Contents
Materials available for
Review |
|
| Reviews |
 |
| Editors |
O.
Alan Weltzien and Susan N. Maher. |
| Title |
Coming
into McPhee Country: John McPhee and the Art of Literary Nonfiction. |
| Publication |
Salt
Lake City: University of Utah Press, 2003 |
| ISBN |
0-87480-746-8 |
| Reviewed By |
Leonard Hitchcock
Eli M. Oboler Library, Idaho State University |
During the Thanksgiving vacation of 1992, a
few friends and I took a trip from Pocatello to Sonoma, California. There were two primary goals for the trip: first, to taste a
lot of wine; and second, to visit road cuts on Interstate Highway 80
between Reno and Sacramento. My
interest in wine was a longstanding one; road cuts, on the other hand,
hadn’t intrigued me until about a month before, when I had read a long,
three-part article in the New Yorker entitled “Annals of the
Former World: Assembling California.”
The article (which later appeared as a book) dealt with the
historical geology of the state, a dry subject, one might think, but the
writer made it stimulating, dramatic and somehow personal.
The author was John McPhee, who, at that time, had been a staff
writer at the New
Yorker for thirty years.
I realized later that I’d read a great many of his articles, on
topics ranging from Bill Bradley (when he was a professional basketball
player), to oranges, to canoe making, to the Merchant Marine, and I still
occasionally discover that an essay that sticks in my mind after fifty
years – like the one about Tabasco sauce – turns out to have been by
McPhee.
Because McPhee included in his “Annals…” article an account of a
road trip along Interstate 80 in the company of a geologist, and because
he gave detailed accounts of the locations of the geologically interesting sites,
especially those road cuts that best exposed the ancient history of the
land along the highway, it was relatively easy to imagine driving the same
route, following along with the article, and stopping where he had
stopped. And that’s exactly
what we did. It was an
extraordinary trip. No doubt
the motorists roaring by on the highway found it curious that a little
group of people were to be seen peering closely at a rock face, and
frequently consulting a magazine and pointing.
John McPhee has become one of the most celebrated authors of non-fiction
in the United States.
He currently occupies an honorary chair in journalism at Princeton
University, his alma mater, but continues to be primarily a writer. He has published 27 books, become a member of the American
Academy of Arts and Letters, won a Pulitzer Prize for Non-Fiction and
received eight honorary degrees.
His genre is often called “literary nonfiction,” to distinguish it
from ordinary journalism.
He is both a reporter of fact, and an artful shaper of narrative
employing the tools of the fiction writer.

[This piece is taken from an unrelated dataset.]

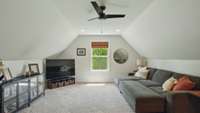 Located over the attached 2-car garage is a bonus/rec room.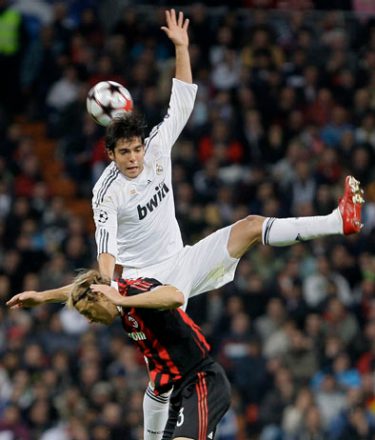 Real Madrid's Kaka of Brazil, top, jumps for the ball with AC Milan Massimo Ambrosini, bottom, during their their UEFA Champions League soccer match at the Santiago Bernabeu stadium in Madrid, on Wednesday, Oct. 21, 2009. (AP Photo/Victor R. Caivano)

Few writers living can compete with McPhee in making apparently
mundane subjects fascinating. In
the book under review, someone is quoted as saying, “I can’t believe I
read a whole book about oranges!”
Though he has written about a wide variety of subjects, McPhee is best
known for his interest in, and accounts of, the natural world. He
has no training as a scientist, but his ability to interview scientists,
conduct background research, and then communicate scientific information
to the layman in a interesting and engaging way, is unsurpassed.
On environmental issues, McPhee describes himself as “neutral,”
but most readers have found him to be a remarkably effective voice for the
conservation movement.
Coming into McPhee Country is the first collection of essays
devoted to an analysis of the works of John McPhee.
It contains fourteen essays, and an excellent introduction by the
editors. There is a good deal
of biographical information conveyed, though the focus is upon his career
as a writer, and the interview with McPhee conducted by Jared Haynes is
particularly interesting. The
essays are academic in character and bring to bear upon McPhee’s works
current techniques of literary criticism. The average reader will probably find these discussions
rather unpalatable. Academic
libraries, however, will want to acquire this book to support English
department courses dealing with nonfiction prose.
For public libraries, the book is a questionable choice, though the
works of McPhee himself are all highly recommended.